Fahrverbot wegen Handy am Steuer

Die Rechtsprechung wird bei der Frage, wie Verstöße gegen die Benutzung elektronischer Geräte zur Kommunikation während der Fahrt („Handy am Steuer") geahndet werden, immer rigoroser. Aktuell hat das bayerische oberste Landgericht in München mit seinem Beschluss vom 29. Oktober 2019, Aktenzeichen 202 ObOWi 1997/19 entschieden, dass ein Fahrverbot wegen wiederholter verbotener Nutzung elektronischer Geräte (Verstoß gegen § 23 Absatz 1a StVO) angeordnet werden kann.
Voraussetzung für diese drastische Strafe ist, dass ein sogenannter beharrlicher Verstoß gegen Bußgeldvorschirften vorliegt. Hat also der Betroffene bereits Voreintragungen, die einschlägig sind, muss das Amtsgericht prüfen, ob die Voraussetzungen des § 4 Abs. 2 Satz 2 Bußgeldkatalogverordnung erfüllt sind und im Bußgeldbescheid ein Fahrverbot angeordnet werden durfte.

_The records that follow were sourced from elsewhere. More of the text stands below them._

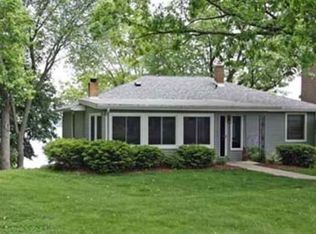 N6822 Shorewood Hills Rd, Lake Mills, WI 53551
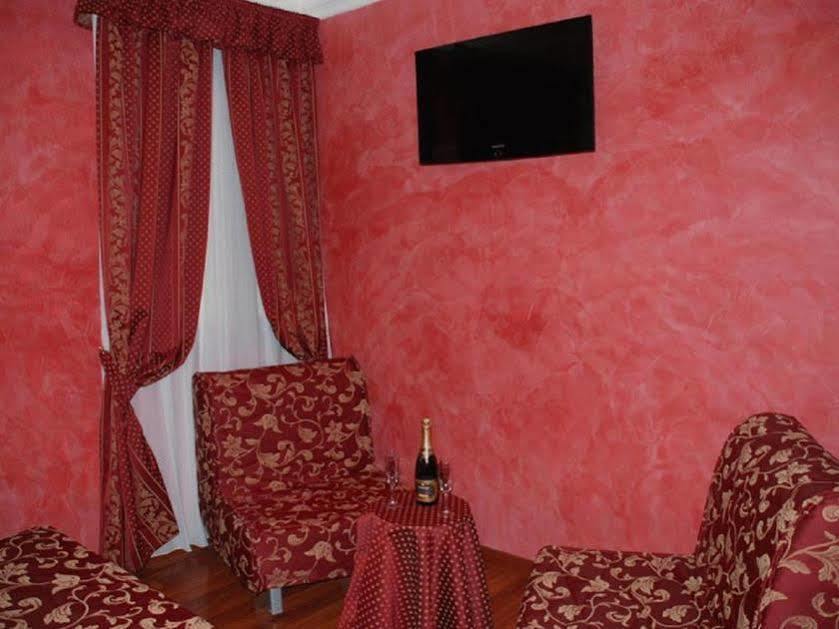 Boutique Hotel Borgo Florence Exterior photo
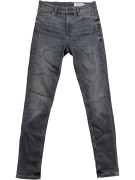 Marc O’Polo Denim Jeans Slim Fit Γκρι Ανδρικό XS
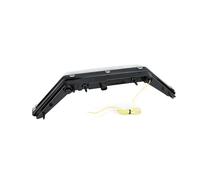 MKVAXR Feu d'accent Avant for ATV UTV, Clignotant LED, lumière Croc de Gril Central, for Polaris, RZR Pro XP/4 2020 - 2021 RZR Pro R 2022#2884346 Clignotant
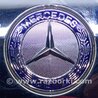 ФОТО Решітка радіатора для Mercedes-Benz S-CLASS W221 (06-13) Київ
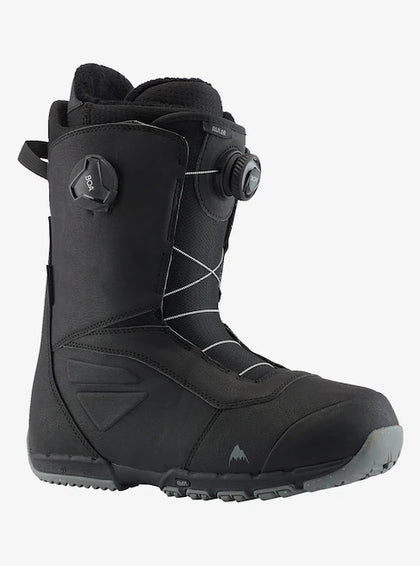 Men's Snowboard Boots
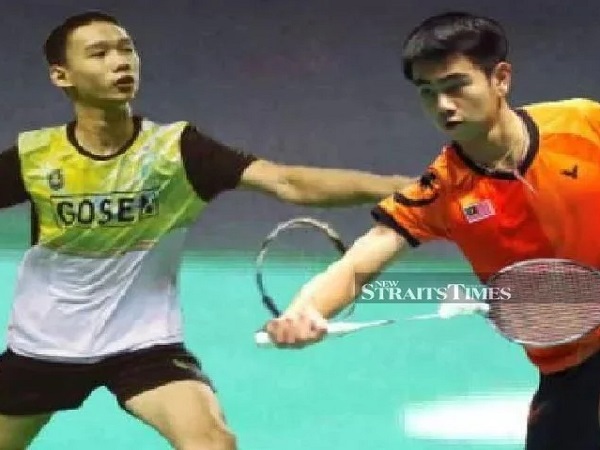 Pelatih Puas Dengan Hasil Sze Fei-Hon Jian di Thailand Challenge 2023
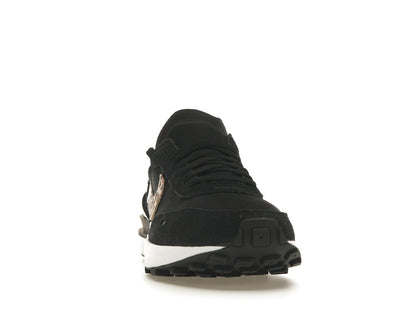 Nike Waffle One Black Leopard (Women's)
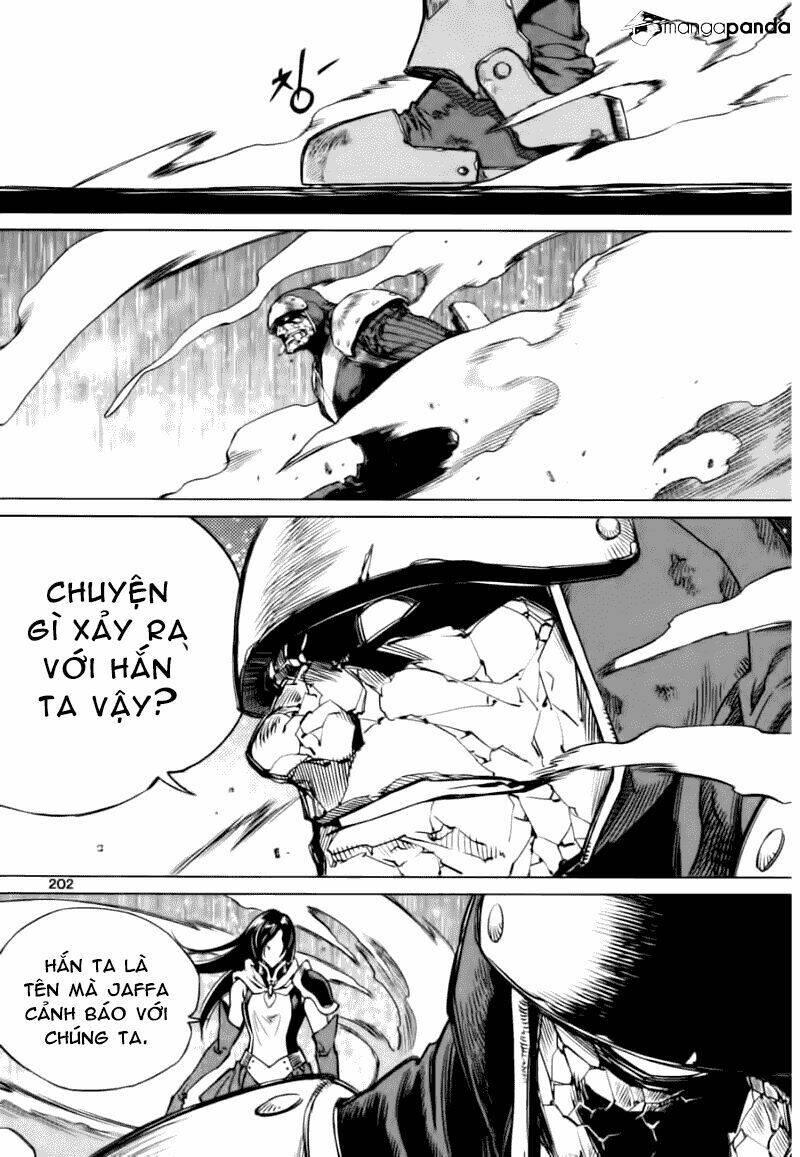 Dark Air: Chapter 48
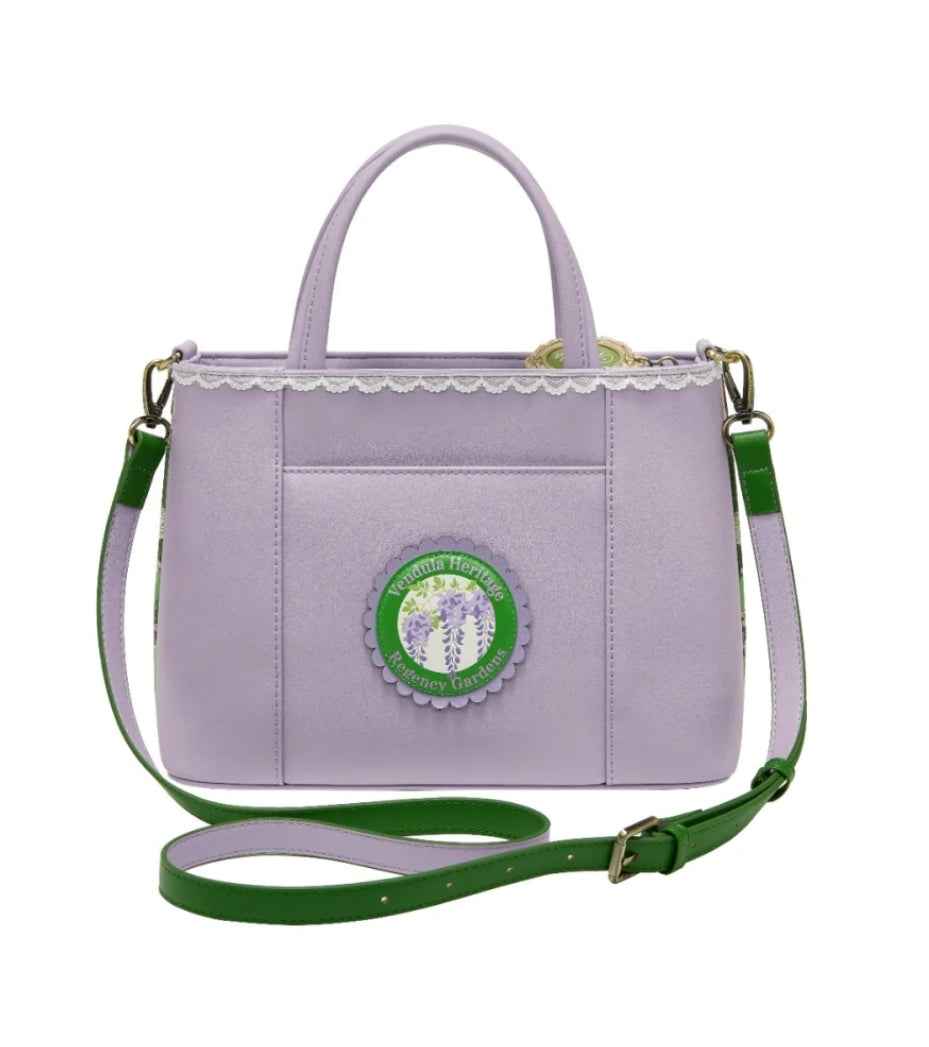 Vendula borsa Faye Regency Gardens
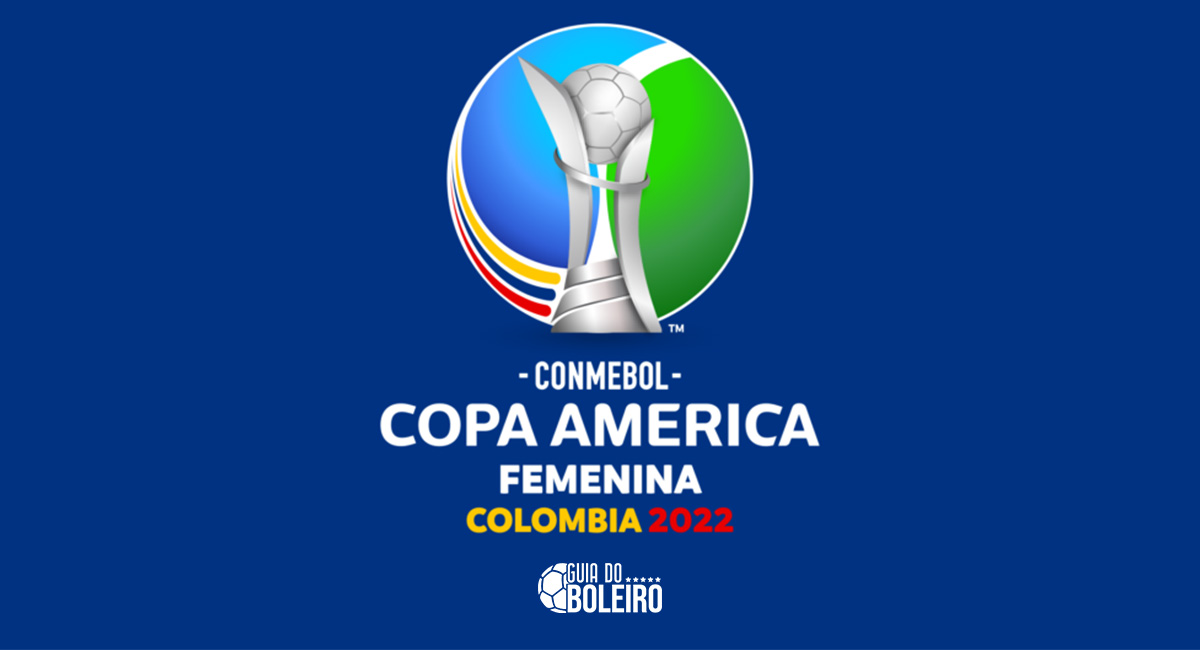 Copa América Feminina 2022: onde assistir ao vivo e online e muito mais sobre o torneio. (Foto: Reprodução)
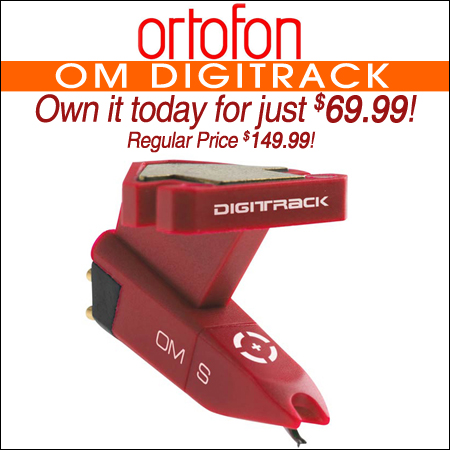 OM DigiTrack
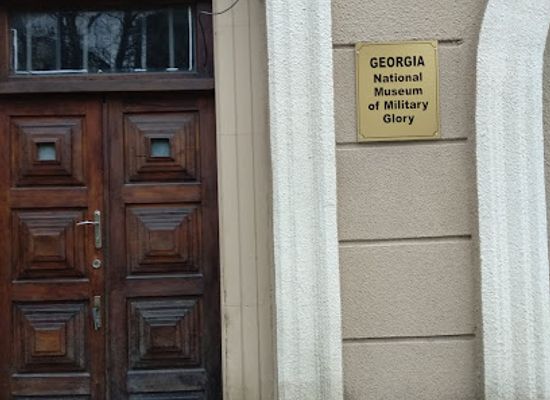 georgia/khevi/landmark/national-museum-of-military-glory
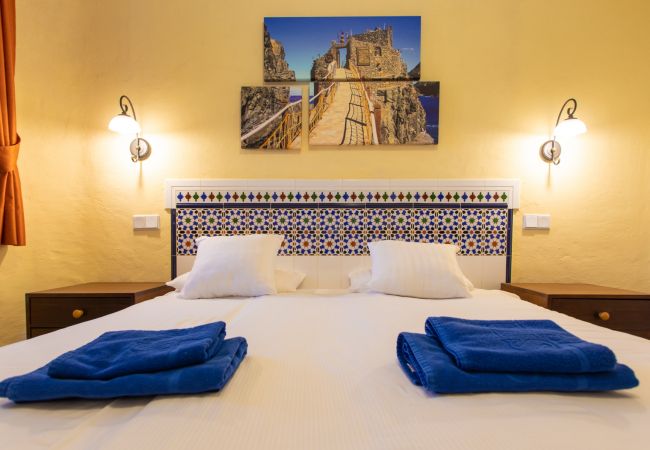 公寓 在 San Bartolomé de Tirajana - Altamar 44 balcony&pool By CanariasGetaway  公寓 在 San Bartolomé de Tirajana - Altamar 44 balcony&pool By CanariasGetaway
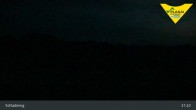 Archiv Foto Webcam Schladming - Planai Bergstation I 20:00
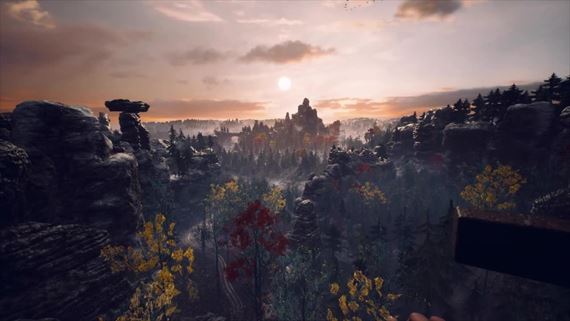 Vypoujte si hudbu z eskej hry Someday You'll Return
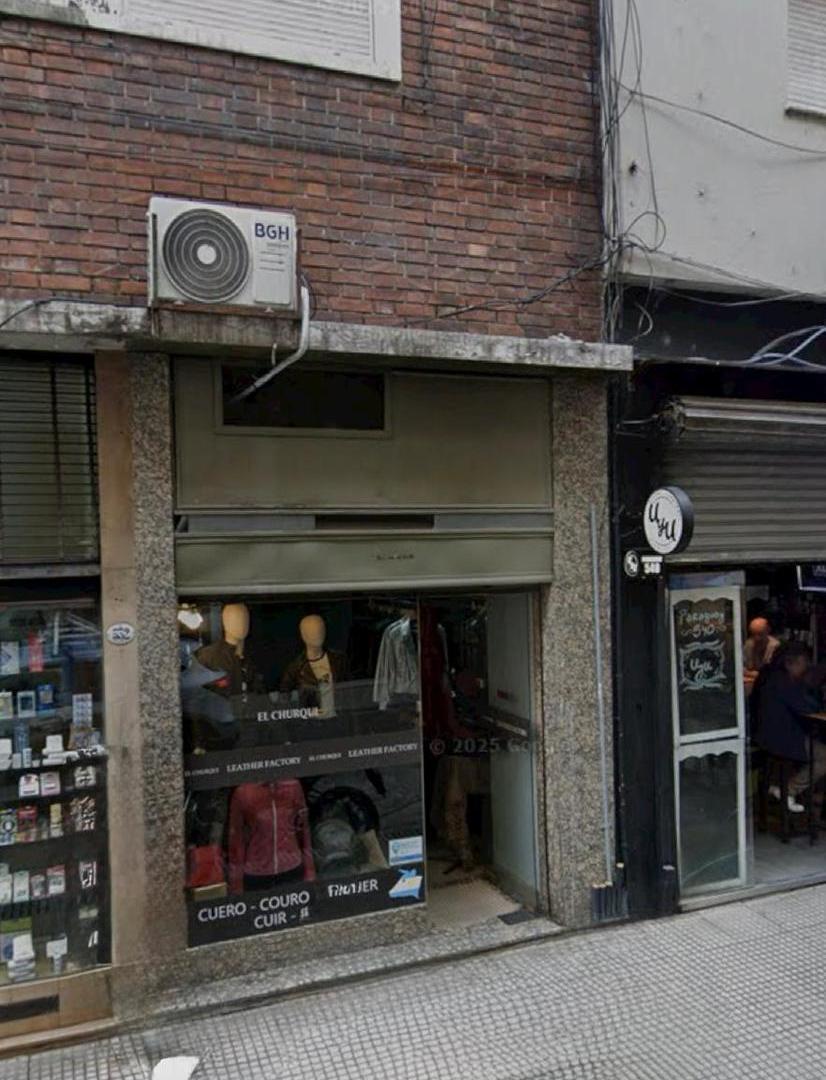 Foto de Local en venta - Microcentro, imagen 1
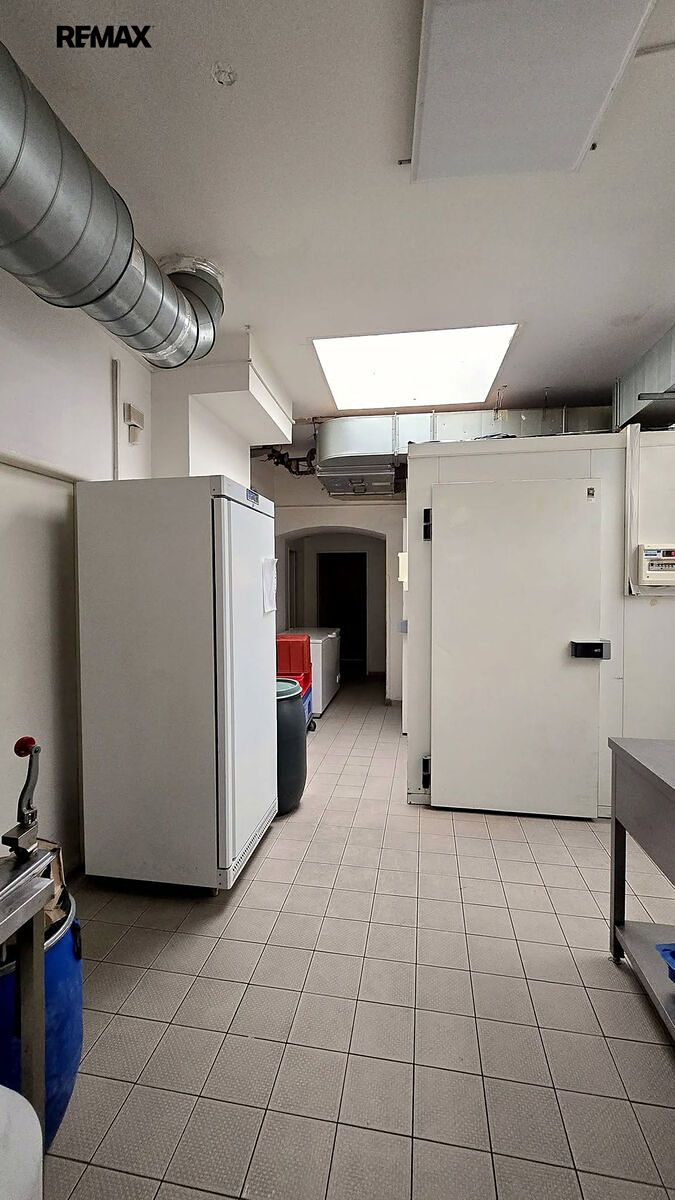 Pronájem restaurace 188 m² – fotografie 4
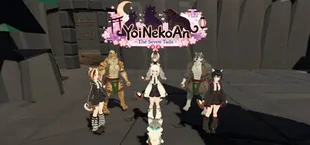 YoiNekoAn: The Seven Tails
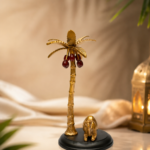 Mini Maru Metal Camel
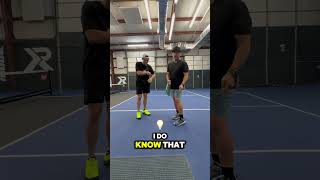 Pickleball shoes! Babolat Jet Pickleball and Head Motion pro Boas with @BackhandDriver #pickleball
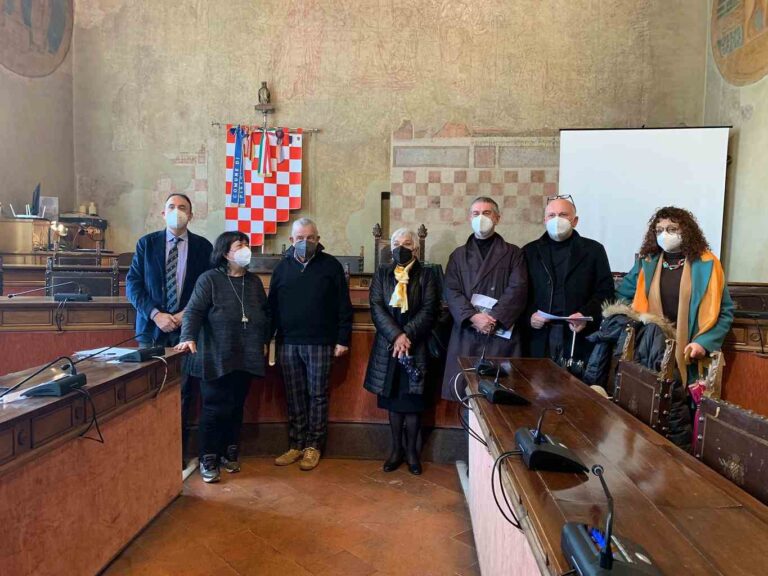 Premio Ceppo e Festival del Giallo insieme nel centenario della nascita di Pasolini
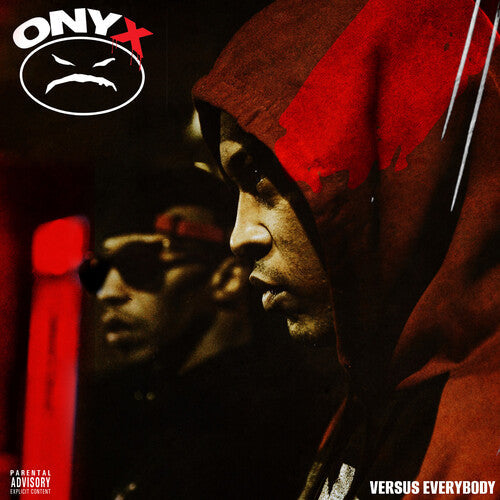 Onyx: Versus Everybody - Record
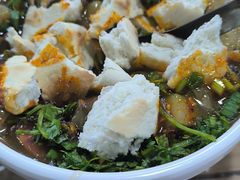 -邢老三肉丸糊辣汤(西安总店)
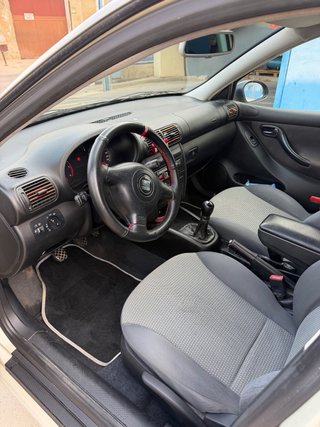 SEAT Toledo 2004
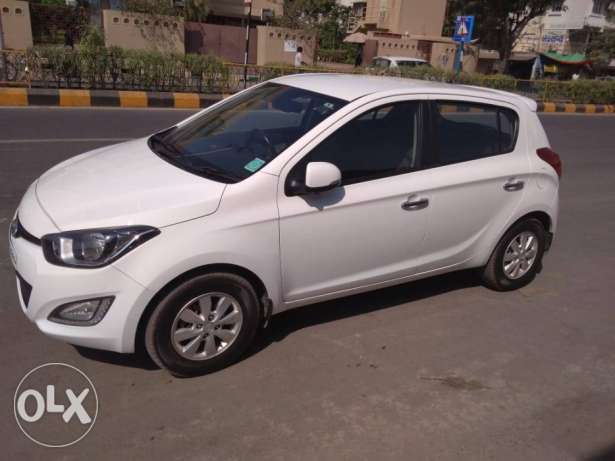 Hyundai I20 diesel  Kms  year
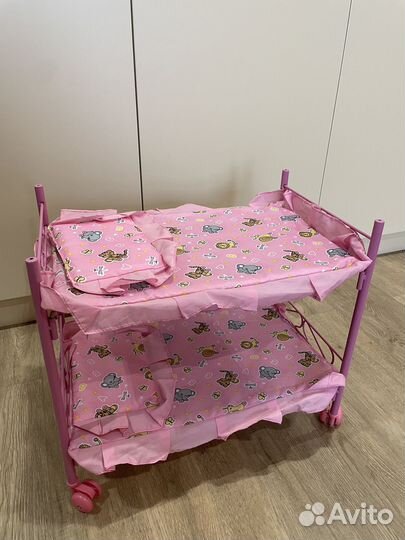 Детские игрушки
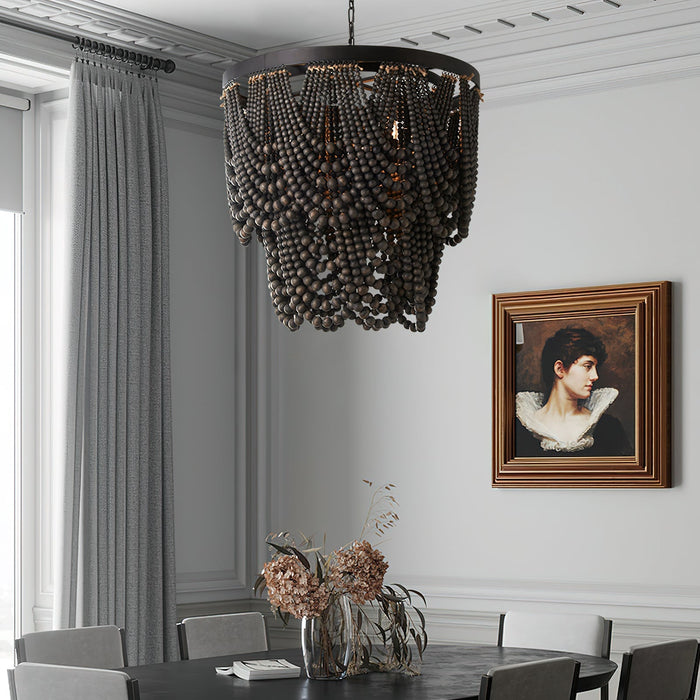 Hammock Chandelier-DWHOME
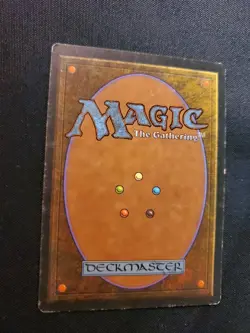 Library of Leng 3rd Edition Revised LP Magic The Gathering MTG Tcg See Pics - Image 5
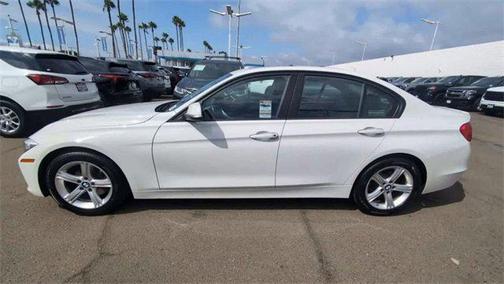 2013 BMW 328 328i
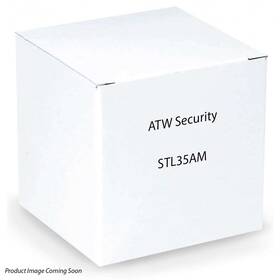Stl35am Atw Security / Mascon -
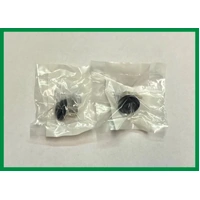 2 X SMEG GAS COOKTOP CONTROL KNOB SAR70X-5 SAR70XS SARV531X1 SARV531X5 alternate image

Das BayObLG hat ausgeführt, dass bei zeitlich naher Abfolge verschienener Taten dem Fahrer eines Fahrzeugs die notwendige rechtstreue Gesinnung und Einsicht in das begangene Unrecht fehlt, sodass es der Anordnung eines Fahrverbots als Denkzettel- und Besinnungsmaßnahme bedarf, um auf ihn als Täter einzuwirken. Allerdings müssen diese Feststellungen im erstinstanzlichen Urteil getroffen werden. Das Fahren wurde an das Amtsgericht zurückverwiesen.
im Ergebnis bedeutet dies, dass eine Verteidigung auch bei scheinbar einfachen Vergehen, wie dem Telefonieren während der Fahrt durch einen Fachanwalt für Verkehrsrecht von Anfang an sinnvoll und notwendig ist, um einerseits bereits die Entscheidung der Bußgeldbehörde beeinflussen zu können. Andererseits müssen spätestens im Gerichtsverfahren Tatsachen vorgebracht werden, welche darstellen, dass der Täter durch die bisherigen Bußgeldbescheide durchaus „etwas gelernt“ hat.